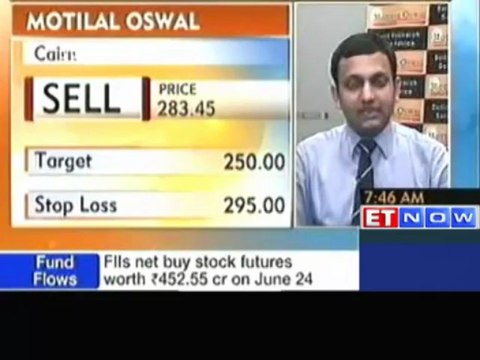 Stocks Ideas : DB Reality, L&T and Maruti Suzuki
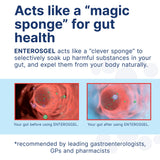 Enterosgel Detox Tube sans conservateurs et sans sucre, option sûre et vegan.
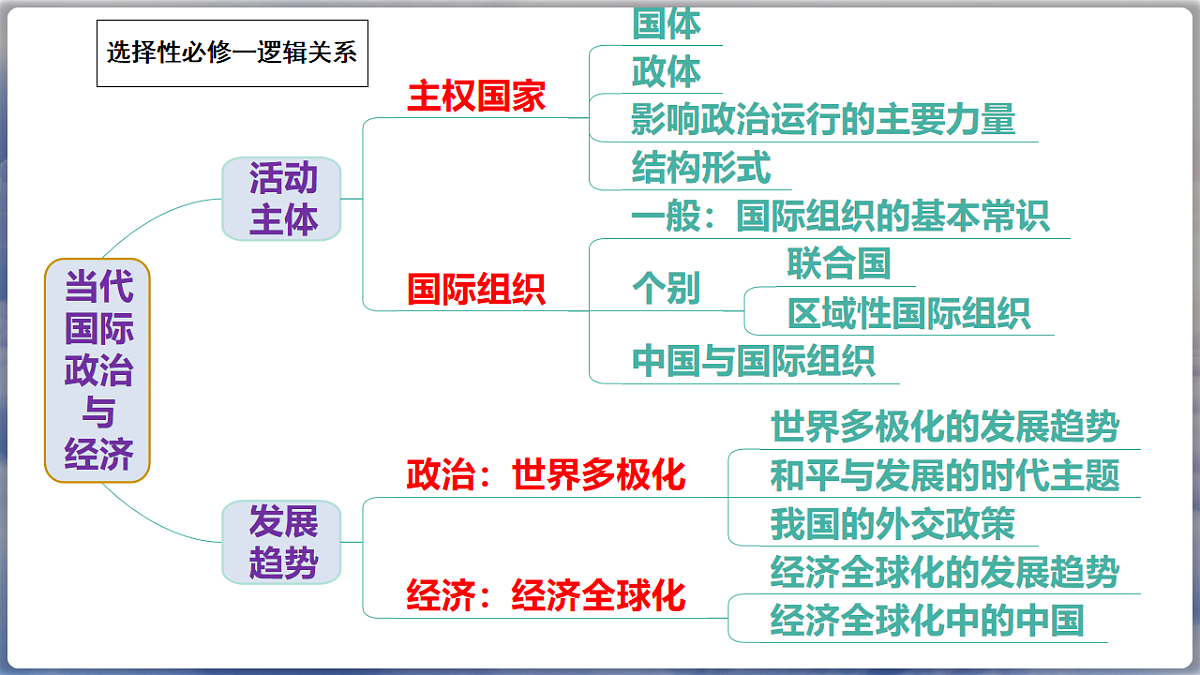 17538967第2页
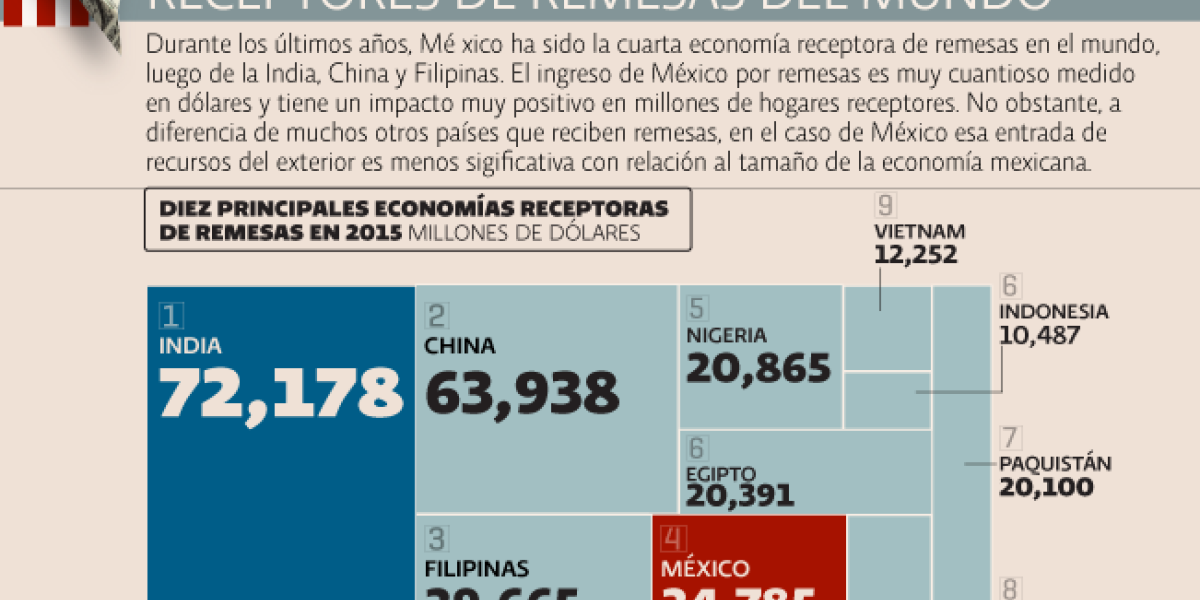 Imagen de Eleconomista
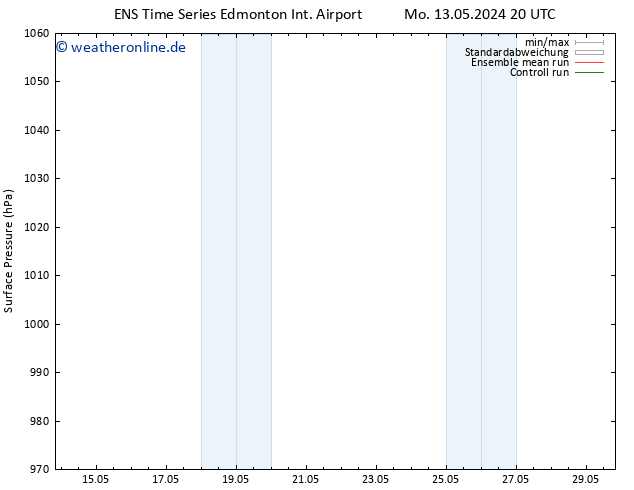 Bodendruck GEFS TS Fr 17.05.2024 14 UTC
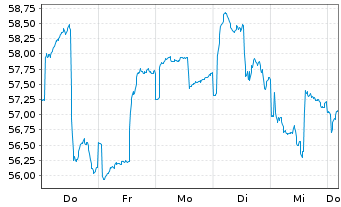 Chart GG Wasserstoff Inhaber-Anteile Class R - 1 Woche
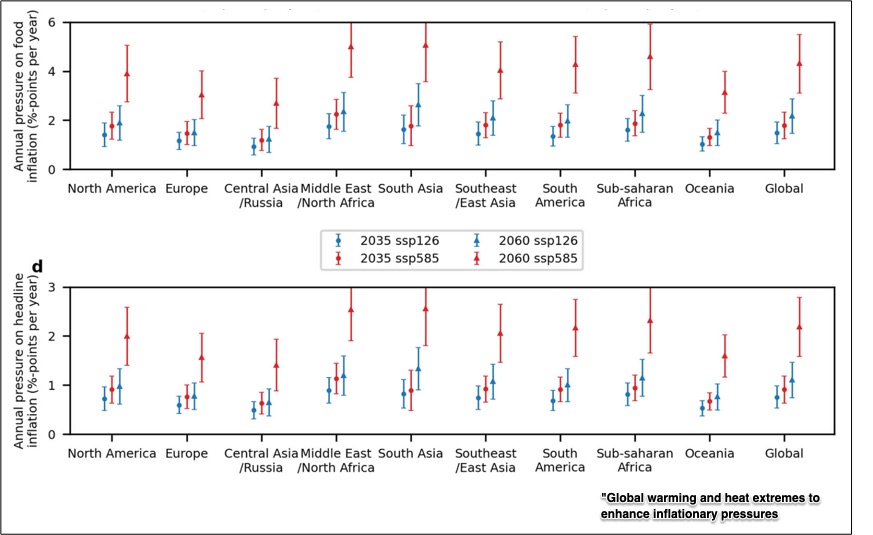 regional differences in global warming price impact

------------

— PROBLEM —
Beginning at the line with "Enterosgel Detox Tube", reproduce word for word each line through the last line of the records. Include both ends but no pictures.

— REPLY TO THE TASK —
 Enterosgel Detox Tube sans conservateurs et sans sucre, option sûre et vegan.
 17538967第2页
 Imagen de Eleconomista
 Bodendruck GEFS TS Fr 17.05.2024 14 UTC
 Chart GG Wasserstoff Inhaber-Anteile Class R - 1 Woche
 regional differences in global warming price impact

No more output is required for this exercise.